In a tropical region, the lush jungle, hot and humid climate, and high volume of rain usually make for the most productive herpetological field surveys, or the best “herping” (searching for reptiles and amphibians). Some people go fishing in their free time, but us “crazy” amphibian and reptile people go herpin’. And some times, as in this case, you are lucky enough to travel across the world on biodiversity conservation research trips. I was like a kid in a candy shop in the forests of Samar Island!

Since a majority of the species of amphibians and many reptiles are nocturnal, night surveys are often one of our primary activities for finding local biodiversity. These surveys are when we get to work and venture out into the jungle. First things first though, we always start the evenings activities with a wonderful, hearty, Filipino dinner, which usually includes about nine cups of white rice with some combination of pork adobo, fish, canned tuna or corn beef. Once dinner is over and the sun is set, the nine million cicadas that are screaming through what can only be described as miniature bullhorns will slowly conclude their concert, and the jungle settles to nearly pitch black. This is when the real fun begins. We strap on headlamps, grab a snake hook and our trusty machetes (there’s no pampered, premade trails in this forest), and start hiking. The jungle really does come alive at night. It is simply amazing. A chorus of frogs surrounds you: hundreds, if not thousands of them, all calling from their own little microhabitat. Each species has their own distinct call, so you learn to recognize each one in an attempt to distinguish which frog is calling from where and whether it is on leaves of banana trees three–five meters high, in the holes of tree trunks, on rocks near a stream, or hiding under leaf litter on the forest floor. As we hike, we are scanning our spotlights on every single branch, leaf, and trunk of every tree or plant in our close proximity. Occasionally, we get lucky and find a mangrove snake out cruising for dinner, or a stunning, coiled-up pit viper perched up in a tree, or even a Sailfin lizard sleeping perfectly on a tree branch overhanging a waterfall.
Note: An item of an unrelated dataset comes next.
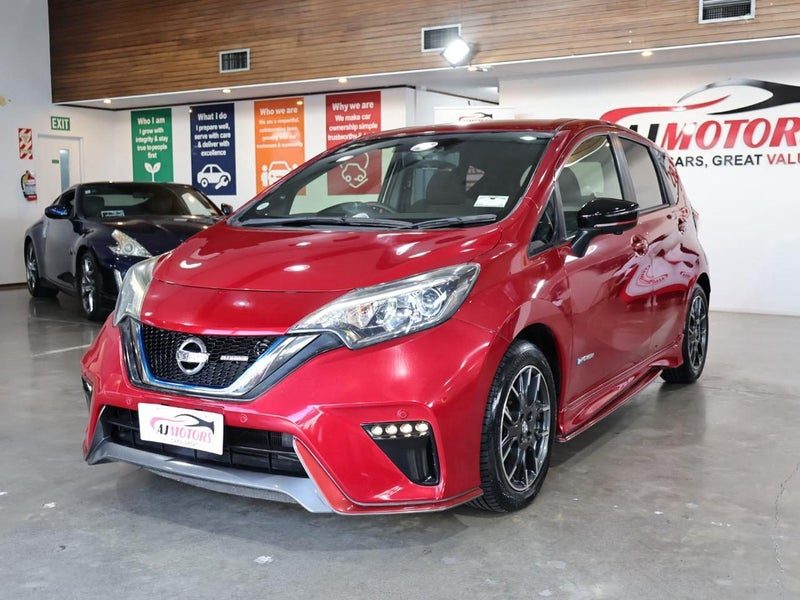 2017 Nissan Note E- POWER NISMO, photo 3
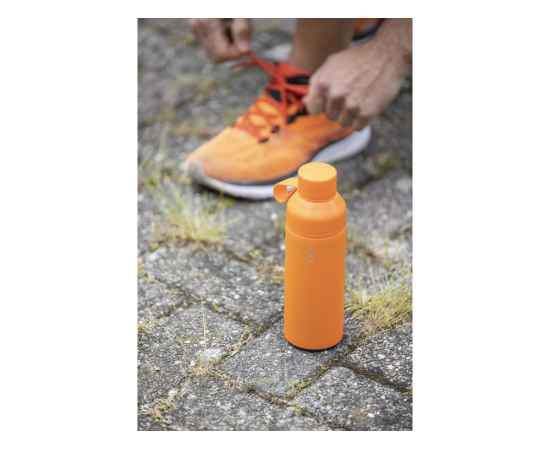 Бутылка для воды Ocean Bottle, 500 мл, 500 мл, 10075130, Цвет: оранжевый, Объем: 500, Размер: 500 мл, изображение 4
On the best nights we hit the jackpot, and can’t seem to walk five feet without seeing eight different frog species, a gecko or crested lizard, or a couple snakes. Other nights are different, and at times we find ourselves out for hours, hiking and scaling cliffs, falling (gently) in streams, getting cut and scratched by thorny cycads, and we return back to camp without seeing more than a handful of the most common species of frogs. This thrilling experience gets repeated every night for the entire trip.

On a trip such as this that lasts many weeks, we will work to survey different habitats and regions of a mountain. Every week or so, we will set up a new base camp in a different region of the jungle. Whether it is at an elevation a couple hundred meters higher, or maybe on the other side of the mountain, each move brings a new ecosystem and often a new diversity of fauna and flora.